(Excerpted data Opens)
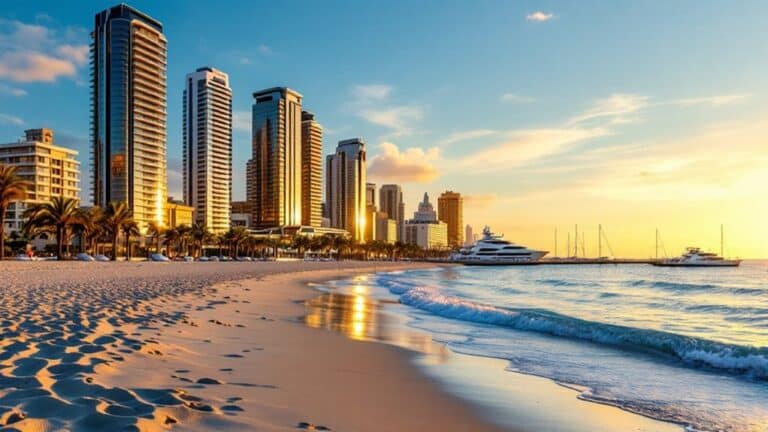 punta del este year round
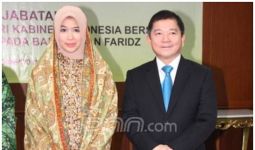 Nurhayati Ajukan Banding terkait Gugatan Cerai Suharso Monoarfa - JPNN.com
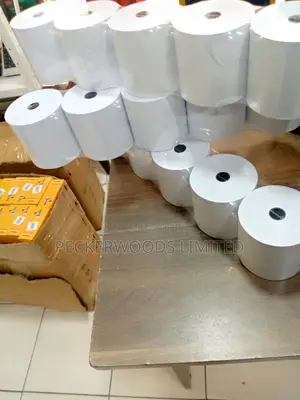 15quality Pieces of Thermal Rolls 79mm by 80mm 13mm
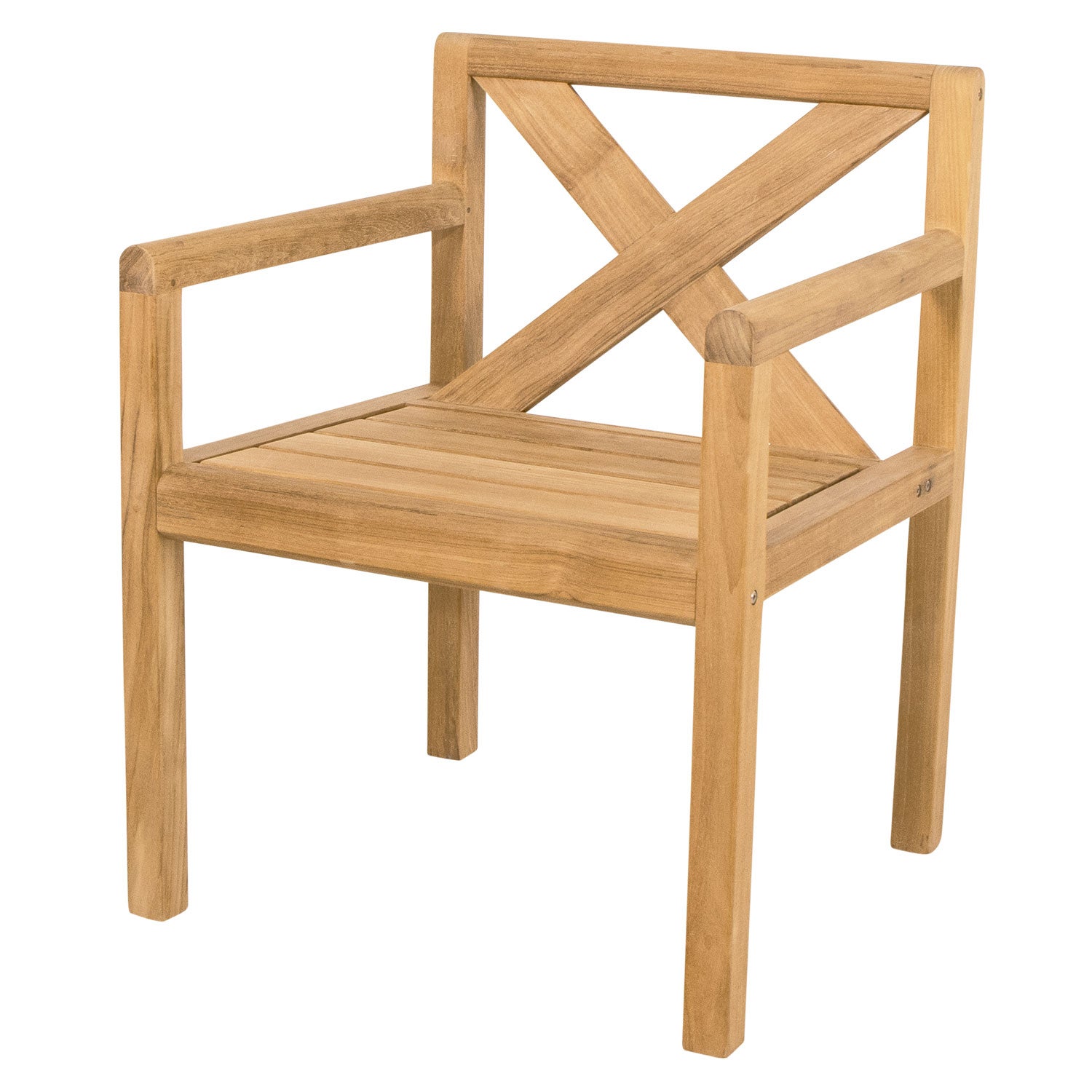 Grace Armchair Teak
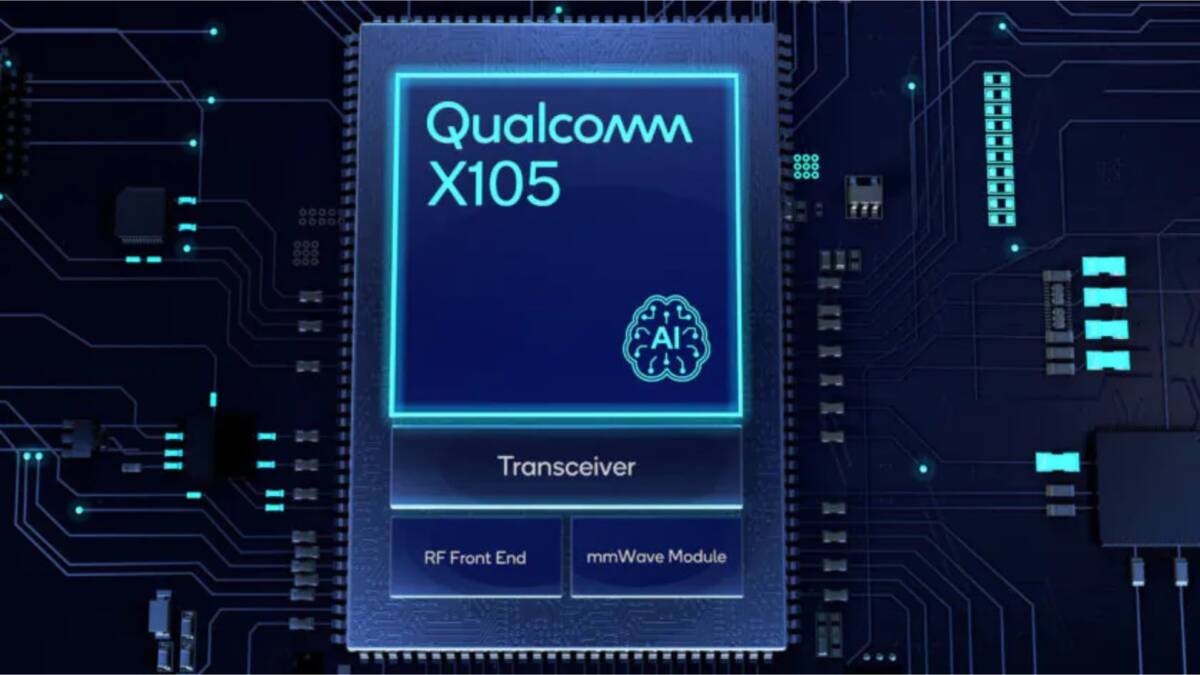 Qualcomm X105 в Galaxy S27 Ultra даст более быструю 5G и спутниковую связь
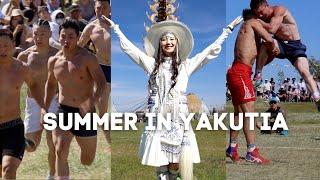 How We Celebrate Summer in World’s Coldest City Yhyakh Festival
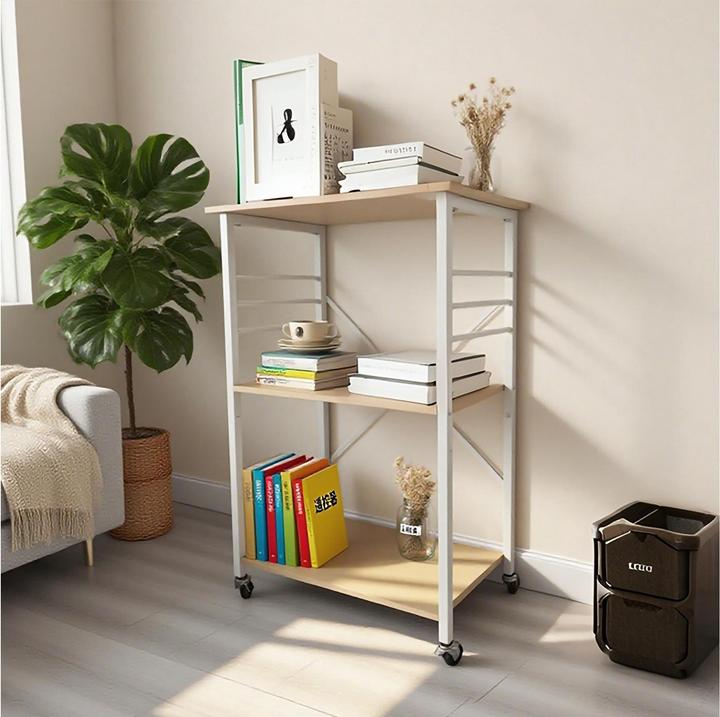 Actual product image Relaxdays Küchenwagen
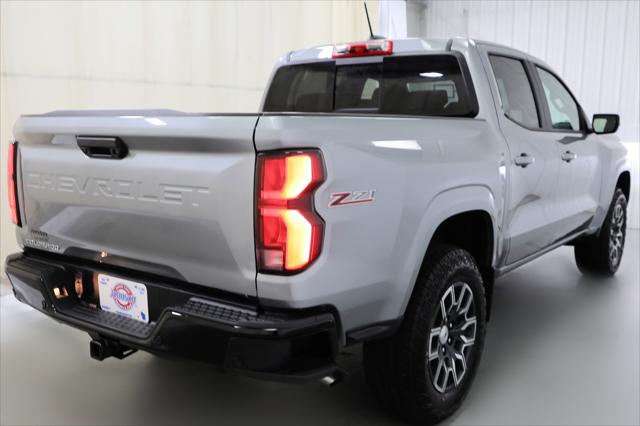 2026 Chevrolet Colorado Z71, 4WD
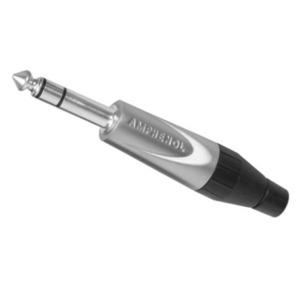 Разъем Jack (Stereo) Amphenol TS3PJ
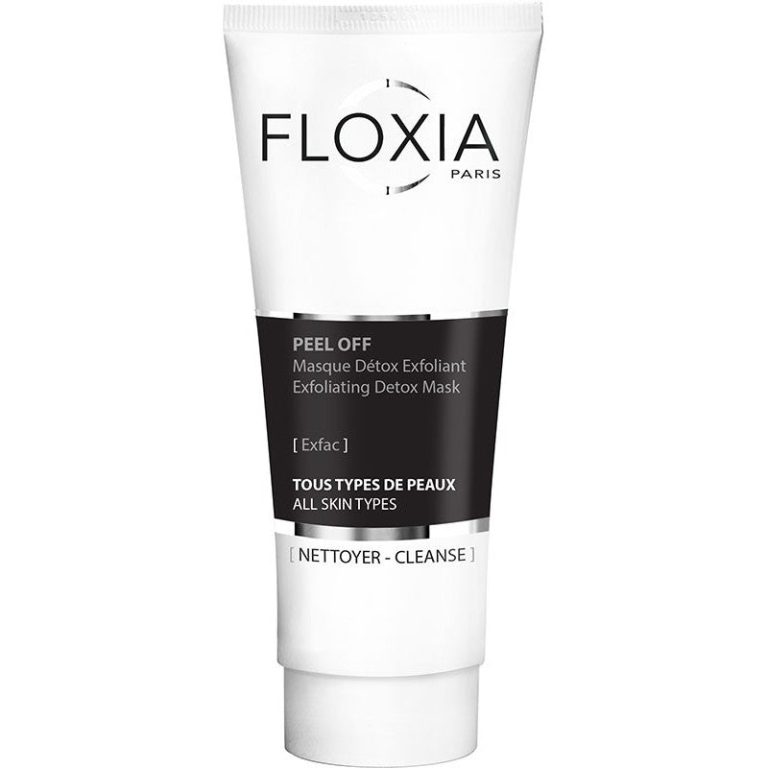 Floxia Exfac Peel Masque détox exfoliant 40 ml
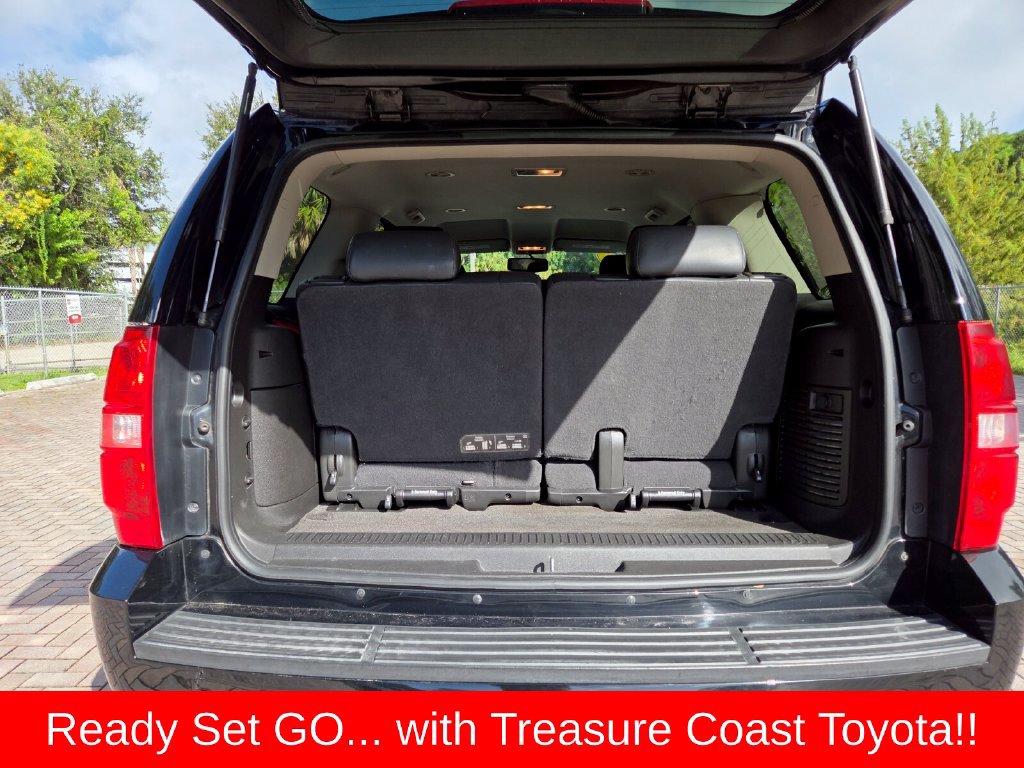 Used 2013 Chevrolet Tahoe LT RWD image 21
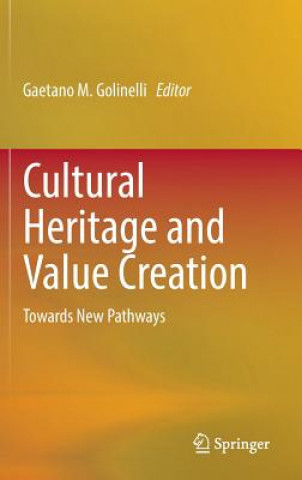 Carte Cultural Heritage and Value Creation Gaetano M. Golinelli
(Excerpted data Closes)
## [Directions]
The records above are to be repeated word for word, with the pictures omitted.

## [Output of the exercise]
 punta del este year round
 Nurhayati Ajukan Banding terkait Gugatan Cerai Suharso Monoarfa - JPNN.com
 15quality Pieces of Thermal Rolls 79mm by 80mm 13mm
 Grace Armchair Teak
 Qualcomm X105 в Galaxy S27 Ultra даст более быструю 5G и спутниковую связь
 How We Celebrate Summer in World’s Coldest City Yhyakh Festival
 Actual product image Relaxdays Küchenwagen
 2026 Chevrolet Colorado Z71, 4WD
 Разъем Jack (Stereo) Amphenol TS3PJ
 Floxia Exfac Peel Masque détox exfoliant 40 ml
 Used 2013 Chevrolet Tahoe LT RWD image 21
 Carte Cultural Heritage and Value Creation Gaetano M. Golinelli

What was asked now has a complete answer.